A short, distracted history of distillation, and a tribute to those who made it happen. I ponder the origins of the fine spirit.
First published in Prestige Magazine (April 2013 edition).
An elegant bar. The gentle clink of rocks glasses. An array of bottles on burnished shelves. Unobtrusive service. Another, sir? I don’t mind if I do. Small, measured sips. An explosion of flavour. Expanding ripples of relaxation. Laughter and conversation. This is a ritual enjoyed by spirits drinkers the world over – a ritual made possible by the magic of distillation.
I’ve often sat back and wondered to myself how it was that this phenomenon came to pass. By whom, how, and where, in the distant past, the product of a startling imagination, was this remarkable exploitation of nature conceived? Fermentation I get. It lends itself to accidental discovery; the juice of a fruit or a sugary plant left standing, the presence of the right organisms, and cheers: a realistic, probable happenstance. The details of the theory might have had to wait for Pasteur and others, but fermentation was evident enough that people were getting merrily toasted for multiple millennia beforehand. Distillation though would have been a tougher, altogether-more-deliberate nut to crack.

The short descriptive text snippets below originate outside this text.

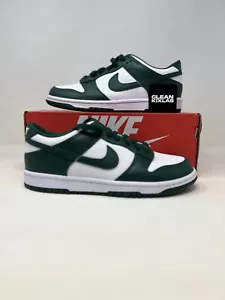 Nike Dunk Low ""Michigan State"" GS Talla 7y Totalmente Nuevo Con Caja EN MANO - Imagen 1 de 7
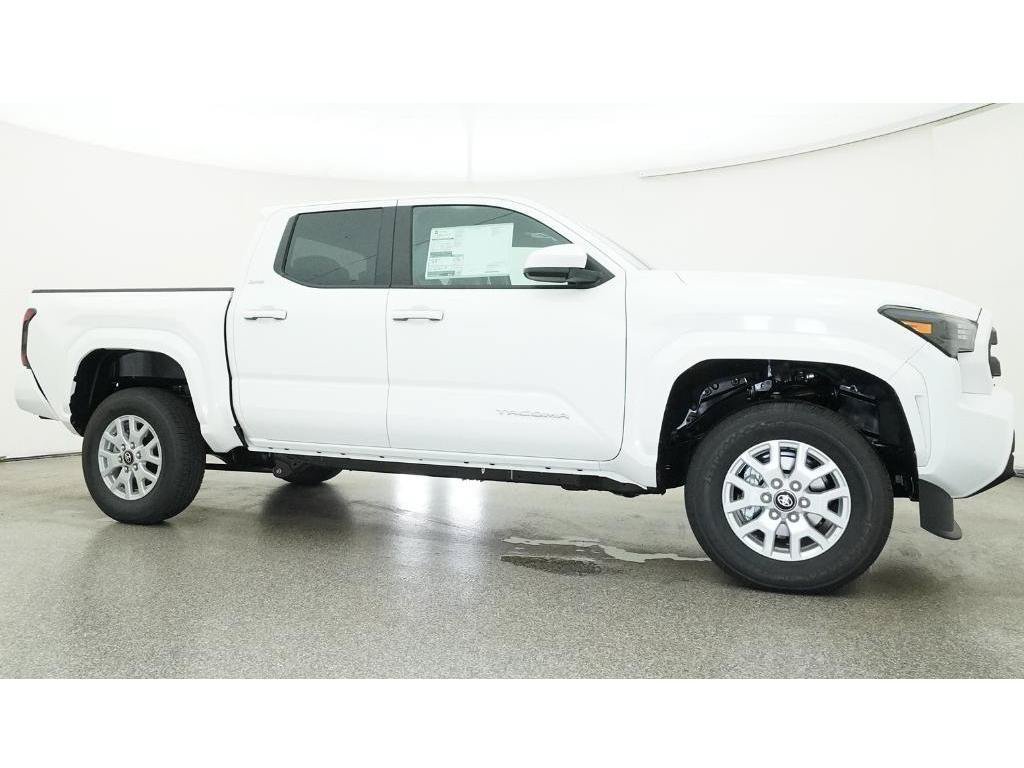 New 2026 Ice Toyota SR5 image 28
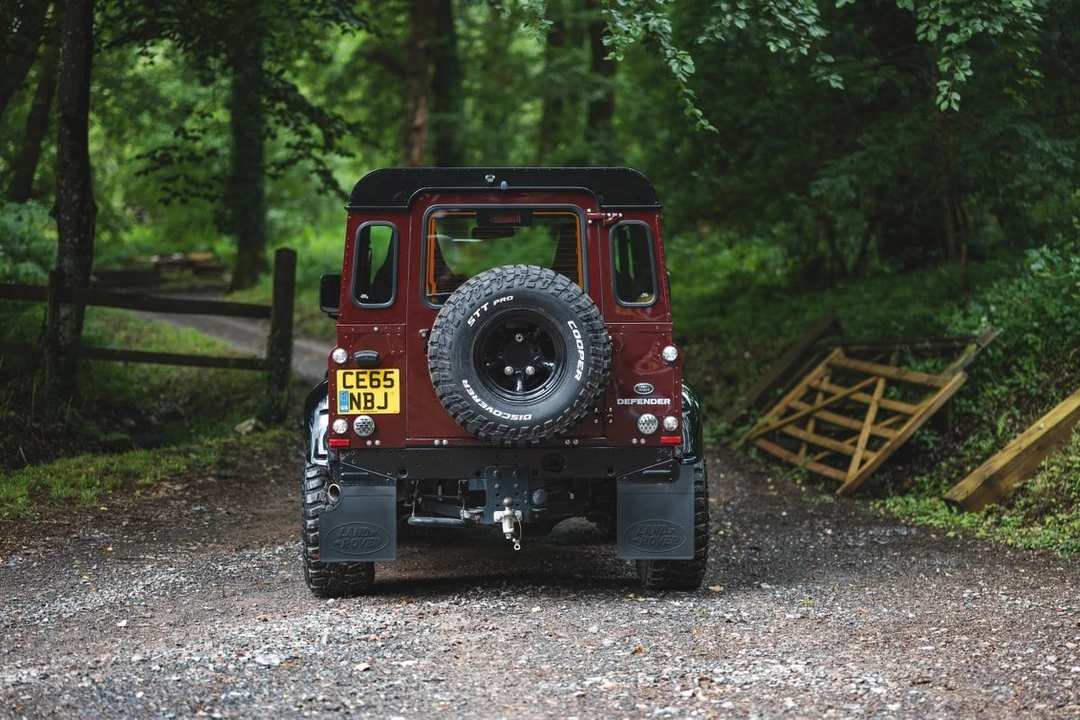 2015 Land Rover Defender 90 - Image 7 of 30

The basic process, once known, is actually very simple. It uses the different boiling temperatures of the components of a liquid to separate them from each other, and then, once separated, to specifically collect or concentrate one or the other; it is the conversion of sugar to alcohol in fermentation which provides the base which is then concentrated. The legendary Homer (Simpson, not the guy who wrote the Iliad and the Odyssey) once said: “In America, first you get the sugar, then you get the power, then you get the women!” Truer words have never been spoken. The alcohol from sugar, specifically ethyl alcohol, has a lower boiling temperature than water, its most abundant companion in fermented mixtures, so it can easily be evaporated in isolation and then condensed elsewhere in the form of a powerful, infinitely interesting, and complex liquid known as a distilled spirit.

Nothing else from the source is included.